この著者の小説を読むといつも居心地の悪さを感じる。
なのに何故新作を読むのかと言えば、それは論議巻き起こりそうな
ヤバいネタをどれだけ扱っているのかの怖いもの見たさゆえなのである。


今回もフィクションと断りを入れつつ、生来犯罪者説を肯定的に扱う
設定が身震いするほどチャレンジャー!
読み終えて思うに、やはり著者の感性と、私は相容れない。
作中の言葉を借りれば青い鳥を信じる乙女のごとき甘ちゃんだから
かもしれないが、登場人物のエゴイズムに反発を感じてしまうのだ。


例えば、為頼医師が母子を助けるシーン。
他の人、ざくざく殺されているんですけど。
あんたら自分らだけ助かればいいのか?!と思ってしまう。
人間そんなもの?
今回は「廃用身」廃用身単行本は2003.5
ほどの現実モデルの露骨な借用は無いし、
「破裂」破裂2004.11
のようにニヒリストを英雄視もしていない。


だがサイコサスペンスの偉大な作品、T・ハリスのあの作品
ラストがかぶっていることもあり、前二作よりはヒューマニスト寄りな
味付けでありながら、やはり後味はスッキリしない。


それは想像するに著者が為頼医師より、もう一人の彼の方により
シンパシーを抱いているからではあるまいか。
その割に枚数の都合上なのか、彼に関する描写が中途半端なまま
ラストを迎えたのは残念だ。
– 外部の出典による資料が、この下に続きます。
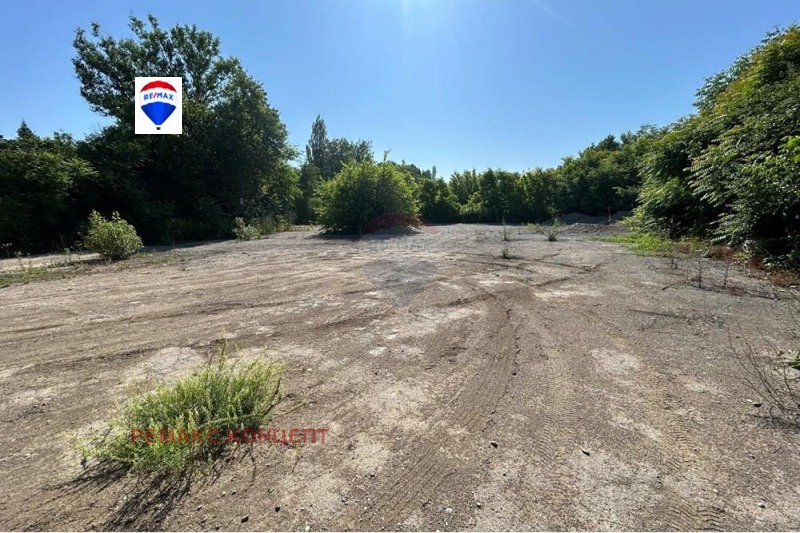 Продава  Парцел град Шумен , Тракия , 7495 кв.м | 44991375 - изображение [7]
どうせヒューマニズムなど信じていない作風
なのだから、無理に正義面しないで例えば白神をもう圧倒的主役に据えて
しまって、ピカレスクロマン&ホラーにした方が生きる題材だったのでは
なかろうか。それでは多くの善良な読者は震えあがってついてこなくなる
だろうが、バラシの冷静かつねちこいフェチ香る筆致を見るにつけ、
この著者がおためごかしの薄っぺらい正義など粉砕するほどのノワールを、
暗黒犯罪小説を書いたならば、コアなマニアに熱狂を持って迎えられ、
カルト的人気を博するに違いないと、私は確信する。
もしその時には、愛すべき悪人にも筆を緩めず壮絶な結末を付けられん
ことを願う。


p.s.為頼医師がやったあの脅し、まんま手塚治虫ブラック・ジャック
だなあ。それもネットで読んだのか為頼?
そして散瞳したらロクに焦点が合わないと思うのだが、どうか。